Ночь прошла упоительно. Между бедер Тэхена было, как и прежде, сладко, его губы и руки даровали блаженство, которого Чонгук ни с кем не ведал и понимал, что не изведает. Чонгук целовал его до самозабвения, пока собственные губы не онемели, обновил метку и брал его неутомимо до утра. Только при рассеянном свете весеннего солнца сыто отвалился и улыбнулся. По крайней мере, постельные утехи остались неизменно волшебными.
Утром, разбирая накопившиеся дела и добравшись до казенного учета, Чонгук криво усмехнулся. Пока он лечил раненое сердце в трудах и хлопотах, лишь позволяя себе охоту в качестве утехи, его яблочко утешало себя покупкой драгоценностей. Золотые заколки, пряжки, броши, подвязки с драгоценными камнями… Тэхен хорошенько встряхнул казенным кошелем, украшая себя. Что ж, неприятно, но как есть. Его яблочко прочувствовало вкус придворной жизни, контрастно отличной от монашеской.
Пока тот готов его обнимать, целовать и разводить под ним ноги, лживо признаваясь в любви, Чонгук мог закрывать на излишества глаза. А если все же Тэхен со временем родит, то и простить ему вульгарную тягу к роскоши в то время, как Чонгук безумно страдал.
На фоне его, красующегося в новых украшениях, аляписто понатыканных в одеяния и волосы, Чимин в лиловых или серых одеяниях казался скромной уточкой возле павлина. А Чонгук, непрестанно теперь их сравнивая, вспоминал, что папа предпочитал лиловый и в повседневной рутине практически не носил украшений. Сравнивал и манеры: от Тэхена, несмотря на его потуги и усилия, несло недавней деревней, а Чимин же источал изысканность в каждом слове, в каждом движении. И аромат его, воспринимаемый когда-то чрезмерно сладким, теперь чудился тонким и воздушным, несущим успокоение.
Супруги должны совпадать в важном: в целях, в желаниях, — утверждал покойный папа. И Чонгук запоздало с ним соглашался, хладнокровно отмечая, что не совпадает с Тэхеном ни в целях, ни в желаниях. Одна лишь плоть их связывала, ничего больше. И от этого было очень горько.
Чимин старался не мелькать, всячески поддерживая Тэхена, однако Чонгук сам искал с ним встреч, поначалу не отдавая себе в этом отчета, а после уже осознанно. С ним было, по обыкновению, легко и весело разговаривать, а порой и получать важную информацию или тонкий совет в урегулировании очередной имущественной дрязги.
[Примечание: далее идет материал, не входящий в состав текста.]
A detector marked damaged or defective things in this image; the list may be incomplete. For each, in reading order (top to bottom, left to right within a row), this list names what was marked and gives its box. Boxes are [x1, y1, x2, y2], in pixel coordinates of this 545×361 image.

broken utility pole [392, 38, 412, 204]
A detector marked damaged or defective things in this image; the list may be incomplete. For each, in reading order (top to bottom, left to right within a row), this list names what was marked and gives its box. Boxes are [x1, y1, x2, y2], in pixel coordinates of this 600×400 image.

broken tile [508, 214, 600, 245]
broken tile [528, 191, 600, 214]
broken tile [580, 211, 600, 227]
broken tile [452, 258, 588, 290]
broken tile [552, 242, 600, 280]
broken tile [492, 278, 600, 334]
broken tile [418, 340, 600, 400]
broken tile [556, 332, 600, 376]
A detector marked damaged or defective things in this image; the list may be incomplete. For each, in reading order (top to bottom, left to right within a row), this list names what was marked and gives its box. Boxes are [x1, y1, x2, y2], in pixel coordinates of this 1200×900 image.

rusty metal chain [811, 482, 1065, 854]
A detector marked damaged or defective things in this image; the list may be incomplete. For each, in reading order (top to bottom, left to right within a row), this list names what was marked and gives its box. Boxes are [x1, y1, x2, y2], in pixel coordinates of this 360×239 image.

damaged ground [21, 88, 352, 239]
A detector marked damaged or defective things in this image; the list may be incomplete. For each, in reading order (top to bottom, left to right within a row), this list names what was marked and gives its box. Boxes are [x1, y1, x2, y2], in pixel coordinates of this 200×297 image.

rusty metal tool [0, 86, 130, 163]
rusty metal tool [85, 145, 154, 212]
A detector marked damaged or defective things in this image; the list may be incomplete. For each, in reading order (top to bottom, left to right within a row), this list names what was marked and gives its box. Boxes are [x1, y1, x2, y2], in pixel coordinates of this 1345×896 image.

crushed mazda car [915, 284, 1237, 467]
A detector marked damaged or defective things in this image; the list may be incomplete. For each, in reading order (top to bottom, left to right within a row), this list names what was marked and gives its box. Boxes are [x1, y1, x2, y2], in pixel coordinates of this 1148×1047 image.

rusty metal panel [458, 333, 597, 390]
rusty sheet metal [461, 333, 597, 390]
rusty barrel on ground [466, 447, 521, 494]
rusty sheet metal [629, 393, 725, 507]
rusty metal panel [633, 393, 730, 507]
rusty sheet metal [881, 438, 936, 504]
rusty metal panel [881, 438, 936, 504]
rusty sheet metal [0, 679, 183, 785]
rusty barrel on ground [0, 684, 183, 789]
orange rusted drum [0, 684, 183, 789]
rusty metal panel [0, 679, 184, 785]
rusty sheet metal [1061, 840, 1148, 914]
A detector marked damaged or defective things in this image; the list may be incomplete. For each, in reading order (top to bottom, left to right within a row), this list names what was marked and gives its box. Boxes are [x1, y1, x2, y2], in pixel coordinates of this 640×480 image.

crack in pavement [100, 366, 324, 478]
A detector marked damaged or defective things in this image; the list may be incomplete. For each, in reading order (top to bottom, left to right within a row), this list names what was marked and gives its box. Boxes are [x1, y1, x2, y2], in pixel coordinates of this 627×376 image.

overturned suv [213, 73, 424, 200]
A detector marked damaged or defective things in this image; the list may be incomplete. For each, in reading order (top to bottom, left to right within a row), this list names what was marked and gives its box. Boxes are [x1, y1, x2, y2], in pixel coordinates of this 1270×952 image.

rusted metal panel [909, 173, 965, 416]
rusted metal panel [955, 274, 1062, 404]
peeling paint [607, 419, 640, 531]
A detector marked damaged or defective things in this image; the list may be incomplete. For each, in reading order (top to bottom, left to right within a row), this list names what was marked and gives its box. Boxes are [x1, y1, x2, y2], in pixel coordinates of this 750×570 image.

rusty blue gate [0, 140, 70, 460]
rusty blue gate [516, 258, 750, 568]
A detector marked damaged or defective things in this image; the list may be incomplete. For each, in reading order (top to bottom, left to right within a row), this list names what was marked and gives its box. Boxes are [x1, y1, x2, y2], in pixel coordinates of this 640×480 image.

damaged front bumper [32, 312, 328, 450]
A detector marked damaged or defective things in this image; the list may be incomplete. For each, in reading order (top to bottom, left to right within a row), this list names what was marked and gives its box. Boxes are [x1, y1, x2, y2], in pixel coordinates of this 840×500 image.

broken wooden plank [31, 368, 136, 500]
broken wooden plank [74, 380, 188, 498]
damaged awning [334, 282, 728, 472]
Чимин мог бы стать идеальным королевским мужем, думал Чонгук, покидая «случайную» встречу с улыбкой.
Начиная прозревать, что происходит чрезвычайное, незапланированное, Чимин стал вспыхивать, теребить трещащий в его пальцах веер, оглядываться по сторонам и избегать встреч. На что азартный Чонгук отреагировал ежедневными сталкиваниями в общих коридорах или залах, не преследуя конкретной цели, а всего лишь повинуясь охотничьему азарту. Дичь пряталась, охотник шел по следу. Веселая игра.
Сегодня Чонгук шел, тихо напевая задорный мотивчик, который вчера на омежьей половине наигрывал и напевал Чимин. Тэхен никогда бы не смог выполнить подобной сложности произведение. И при его вчерашних попытках повторить успех Чимина Чонгук с досадой ушел из смежной комнаты. Одно разочарование, а не муж.
Дичь пряталась в хранилище для белья, как когда-то Тэхен. Смешно пытаться скрыться от повелителя, когда у стен есть уши и глаза, покорные этому повелителю. Чонгука разбирал смех, когда он заходил в хранилище и бесшумно шел по узким проходам, отдающим пылью и свежестью. Промелькнула царапнувшая мысль, что в этом же месте с этим же запахом он взял Тэхена на полу.
Чимин, морща гладкий лобик, царапал чернильной палочкой по книге и при его появлении всполошился.
— Ваше величество… Я не ожидал.
— Хватит уже, Чимин-я, — развязно ответил Чонгук, подмигнув. — Зови меня Чонгуком, как звал раньше. Напомнить тебе, как ты вышептывал мое имя, когда я тебя брал?
Чимин почему-то побледнел и посмотрел в сторону левой полки. А из-за нее вышел не менее бледный Тэхен с остановившимся взглядом. Чонгук похолодел. Стыд выморозил до основания, хотелось что-то сказать в свое оправдание, но язык прилип к небу.
— Вот, Чимин-хен, мой список. Закончите без меня, — безжизненно обронил Тэхен и прошел мимо Чонгука, будто его не заметил.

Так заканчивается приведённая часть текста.